PROBLEM TO SOLVE
Word for word, transcribe the records that follow.

DATA FOR ANALYSIS
++++++++++

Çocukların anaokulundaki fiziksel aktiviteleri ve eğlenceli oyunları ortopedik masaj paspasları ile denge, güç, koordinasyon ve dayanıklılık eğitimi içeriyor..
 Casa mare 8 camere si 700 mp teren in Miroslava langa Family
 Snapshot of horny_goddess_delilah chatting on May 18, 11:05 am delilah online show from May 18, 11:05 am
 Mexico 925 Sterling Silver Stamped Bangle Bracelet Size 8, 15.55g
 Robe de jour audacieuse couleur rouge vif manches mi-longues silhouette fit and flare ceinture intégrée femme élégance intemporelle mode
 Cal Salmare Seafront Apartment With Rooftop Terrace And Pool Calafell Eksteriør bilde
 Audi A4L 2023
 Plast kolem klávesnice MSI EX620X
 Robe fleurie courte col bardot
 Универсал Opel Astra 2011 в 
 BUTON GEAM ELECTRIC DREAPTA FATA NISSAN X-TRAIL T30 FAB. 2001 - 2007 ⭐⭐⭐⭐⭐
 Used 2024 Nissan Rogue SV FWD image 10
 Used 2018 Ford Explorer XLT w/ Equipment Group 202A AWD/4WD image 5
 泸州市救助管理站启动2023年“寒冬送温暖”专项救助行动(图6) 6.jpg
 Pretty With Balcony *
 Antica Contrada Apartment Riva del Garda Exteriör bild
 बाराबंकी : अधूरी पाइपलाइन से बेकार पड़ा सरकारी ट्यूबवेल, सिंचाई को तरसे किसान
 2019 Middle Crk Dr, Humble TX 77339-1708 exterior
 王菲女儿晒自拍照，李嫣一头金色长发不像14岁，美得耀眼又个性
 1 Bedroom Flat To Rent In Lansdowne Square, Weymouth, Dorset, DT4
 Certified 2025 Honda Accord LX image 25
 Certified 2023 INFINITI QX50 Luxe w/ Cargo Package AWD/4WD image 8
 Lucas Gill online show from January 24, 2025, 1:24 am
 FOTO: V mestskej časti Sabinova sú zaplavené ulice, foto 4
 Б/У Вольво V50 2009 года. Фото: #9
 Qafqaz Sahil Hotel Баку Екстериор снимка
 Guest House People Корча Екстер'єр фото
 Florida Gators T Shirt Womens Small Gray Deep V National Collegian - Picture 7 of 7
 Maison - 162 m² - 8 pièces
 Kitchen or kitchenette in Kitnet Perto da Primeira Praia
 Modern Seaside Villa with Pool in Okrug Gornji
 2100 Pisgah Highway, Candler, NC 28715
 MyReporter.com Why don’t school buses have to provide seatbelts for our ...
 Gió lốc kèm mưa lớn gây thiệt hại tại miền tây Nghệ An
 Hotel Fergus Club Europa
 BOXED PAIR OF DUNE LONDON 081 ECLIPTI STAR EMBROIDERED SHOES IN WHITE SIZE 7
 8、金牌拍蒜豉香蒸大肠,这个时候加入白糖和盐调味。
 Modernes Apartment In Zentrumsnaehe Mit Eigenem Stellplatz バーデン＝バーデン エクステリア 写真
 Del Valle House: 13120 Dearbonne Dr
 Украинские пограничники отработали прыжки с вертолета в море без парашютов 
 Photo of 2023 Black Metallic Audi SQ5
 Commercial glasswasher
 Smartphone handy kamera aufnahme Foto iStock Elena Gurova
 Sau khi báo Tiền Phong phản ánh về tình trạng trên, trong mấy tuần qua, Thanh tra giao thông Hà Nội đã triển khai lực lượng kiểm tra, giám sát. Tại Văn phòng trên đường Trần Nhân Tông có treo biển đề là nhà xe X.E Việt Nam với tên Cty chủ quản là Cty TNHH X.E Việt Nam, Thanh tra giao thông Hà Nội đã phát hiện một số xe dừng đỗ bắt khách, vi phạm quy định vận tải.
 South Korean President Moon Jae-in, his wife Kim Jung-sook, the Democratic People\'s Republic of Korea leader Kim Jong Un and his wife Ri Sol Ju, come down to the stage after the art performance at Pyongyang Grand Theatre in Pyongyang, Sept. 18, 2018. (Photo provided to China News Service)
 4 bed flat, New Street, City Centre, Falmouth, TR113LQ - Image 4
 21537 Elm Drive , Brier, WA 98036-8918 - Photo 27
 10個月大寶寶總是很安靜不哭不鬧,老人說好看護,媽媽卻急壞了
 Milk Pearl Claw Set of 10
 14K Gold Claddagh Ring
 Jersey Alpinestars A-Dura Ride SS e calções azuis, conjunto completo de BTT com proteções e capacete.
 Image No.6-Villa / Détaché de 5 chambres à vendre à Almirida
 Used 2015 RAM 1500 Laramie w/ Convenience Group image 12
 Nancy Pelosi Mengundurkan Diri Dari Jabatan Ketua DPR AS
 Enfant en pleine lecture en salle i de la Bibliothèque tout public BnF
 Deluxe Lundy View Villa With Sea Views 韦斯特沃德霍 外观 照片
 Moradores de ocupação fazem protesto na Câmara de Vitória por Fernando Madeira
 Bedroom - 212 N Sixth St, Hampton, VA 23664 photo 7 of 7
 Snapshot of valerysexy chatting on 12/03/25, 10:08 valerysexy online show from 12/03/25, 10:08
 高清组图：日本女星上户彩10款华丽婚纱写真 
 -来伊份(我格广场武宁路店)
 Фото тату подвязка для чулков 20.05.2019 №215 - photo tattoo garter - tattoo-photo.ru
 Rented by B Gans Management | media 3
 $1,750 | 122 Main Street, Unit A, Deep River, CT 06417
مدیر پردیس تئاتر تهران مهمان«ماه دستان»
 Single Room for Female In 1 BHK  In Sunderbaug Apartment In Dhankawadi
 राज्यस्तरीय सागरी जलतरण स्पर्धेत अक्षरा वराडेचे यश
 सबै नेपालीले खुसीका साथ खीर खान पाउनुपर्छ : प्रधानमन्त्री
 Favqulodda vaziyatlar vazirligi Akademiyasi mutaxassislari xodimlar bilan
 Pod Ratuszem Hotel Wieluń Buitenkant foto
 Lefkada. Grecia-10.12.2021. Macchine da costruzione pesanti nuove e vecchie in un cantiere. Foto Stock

++++++++++

RESPONSE TO THIS EXERCISE
Çocukların anaokulundaki fiziksel aktiviteleri ve eğlenceli oyunları ortopedik masaj paspasları ile denge, güç, koordinasyon ve dayanıklılık eğitimi içeriyor..
 Casa mare 8 camere si 700 mp teren in Miroslava langa Family
 Snapshot of horny_goddess_delilah chatting on May 18, 11:05 am delilah online show from May 18, 11:05 am
 Mexico 925 Sterling Silver Stamped Bangle Bracelet Size 8, 15.55g
 Robe de jour audacieuse couleur rouge vif manches mi-longues silhouette fit and flare ceinture intégrée femme élégance intemporelle mode
 Cal Salmare Seafront Apartment With Rooftop Terrace And Pool Calafell Eksteriør bilde
 Audi A4L 2023
 Plast kolem klávesnice MSI EX620X
 Robe fleurie courte col bardot
 Универсал Opel Astra 2011 в 
 BUTON GEAM ELECTRIC DREAPTA FATA NISSAN X-TRAIL T30 FAB. 2001 - 2007 ⭐⭐⭐⭐⭐
 Used 2024 Nissan Rogue SV FWD image 10
 Used 2018 Ford Explorer XLT w/ Equipment Group 202A AWD/4WD image 5
 泸州市救助管理站启动2023年“寒冬送温暖”专项救助行动(图6) 6.jpg
 Pretty With Balcony *
 Antica Contrada Apartment Riva del Garda Exteriör bild
 बाराबंकी : अधूरी पाइपलाइन से बेकार पड़ा सरकारी ट्यूबवेल, सिंचाई को तरसे किसान
 2019 Middle Crk Dr, Humble TX 77339-1708 exterior
 王菲女儿晒自拍照，李嫣一头金色长发不像14岁，美得耀眼又个性
 1 Bedroom Flat To Rent In Lansdowne Square, Weymouth, Dorset, DT4
 Certified 2025 Honda Accord LX image 25
 Certified 2023 INFINITI QX50 Luxe w/ Cargo Package AWD/4WD image 8
 Lucas Gill online show from January 24, 2025, 1:24 am
 FOTO: V mestskej časti Sabinova sú zaplavené ulice, foto 4
 Б/У Вольво V50 2009 года. Фото: #9
 Qafqaz Sahil Hotel Баку Екстериор снимка
 Guest House People Корча Екстер'єр фото
 Florida Gators T Shirt Womens Small Gray Deep V National Collegian - Picture 7 of 7
 Maison - 162 m² - 8 pièces
 Kitchen or kitchenette in Kitnet Perto da Primeira Praia
 Modern Seaside Villa with Pool in Okrug Gornji
 2100 Pisgah Highway, Candler, NC 28715
 MyReporter.com Why don’t school buses have to provide seatbelts for our ...
 Gió lốc kèm mưa lớn gây thiệt hại tại miền tây Nghệ An
 Hotel Fergus Club Europa
 BOXED PAIR OF DUNE LONDON 081 ECLIPTI STAR EMBROIDERED SHOES IN WHITE SIZE 7
 8、金牌拍蒜豉香蒸大肠,这个时候加入白糖和盐调味。
 Modernes Apartment In Zentrumsnaehe Mit Eigenem Stellplatz バーデン＝バーデン エクステリア 写真
 Del Valle House: 13120 Dearbonne Dr
 Украинские пограничники отработали прыжки с вертолета в море без парашютов 
 Photo of 2023 Black Metallic Audi SQ5
 Commercial glasswasher
 Smartphone handy kamera aufnahme Foto iStock Elena Gurova
 Sau khi báo Tiền Phong phản ánh về tình trạng trên, trong mấy tuần qua, Thanh tra giao thông Hà Nội đã triển khai lực lượng kiểm tra, giám sát. Tại Văn phòng trên đường Trần Nhân Tông có treo biển đề là nhà xe X.E Việt Nam với tên Cty chủ quản là Cty TNHH X.E Việt Nam, Thanh tra giao thông Hà Nội đã phát hiện một số xe dừng đỗ bắt khách, vi phạm quy định vận tải.
 South Korean President Moon Jae-in, his wife Kim Jung-sook, the Democratic People\'s Republic of Korea leader Kim Jong Un and his wife Ri Sol Ju, come down to the stage after the art performance at Pyongyang Grand Theatre in Pyongyang, Sept. 18, 2018. (Photo provided to China News Service)
 4 bed flat, New Street, City Centre, Falmouth, TR113LQ - Image 4
 21537 Elm Drive , Brier, WA 98036-8918 - Photo 27
 10個月大寶寶總是很安靜不哭不鬧,老人說好看護,媽媽卻急壞了
 Milk Pearl Claw Set of 10
 14K Gold Claddagh Ring
 Jersey Alpinestars A-Dura Ride SS e calções azuis, conjunto completo de BTT com proteções e capacete.
 Image No.6-Villa / Détaché de 5 chambres à vendre à Almirida
 Used 2015 RAM 1500 Laramie w/ Convenience Group image 12
 Nancy Pelosi Mengundurkan Diri Dari Jabatan Ketua DPR AS
 Enfant en pleine lecture en salle i de la Bibliothèque tout public BnF
 Deluxe Lundy View Villa With Sea Views 韦斯特沃德霍 外观 照片
 Moradores de ocupação fazem protesto na Câmara de Vitória por Fernando Madeira
 Bedroom - 212 N Sixth St, Hampton, VA 23664 photo 7 of 7
 Snapshot of valerysexy chatting on 12/03/25, 10:08 valerysexy online show from 12/03/25, 10:08
 高清组图：日本女星上户彩10款华丽婚纱写真 
 -来伊份(我格广场武宁路店)
 Фото тату подвязка для чулков 20.05.2019 №215 - photo tattoo garter - tattoo-photo.ru
 Rented by B Gans Management | media 3
 $1,750 | 122 Main Street, Unit A, Deep River, CT 06417
مدیر پردیس تئاتر تهران مهمان«ماه دستان»
 Single Room for Female In 1 BHK  In Sunderbaug Apartment In Dhankawadi
 राज्यस्तरीय सागरी जलतरण स्पर्धेत अक्षरा वराडेचे यश
 सबै नेपालीले खुसीका साथ खीर खान पाउनुपर्छ : प्रधानमन्त्री
 Favqulodda vaziyatlar vazirligi Akademiyasi mutaxassislari xodimlar bilan
 Pod Ratuszem Hotel Wieluń Buitenkant foto
 Lefkada. Grecia-10.12.2021. Macchine da costruzione pesanti nuove e vecchie in un cantiere. Foto Stock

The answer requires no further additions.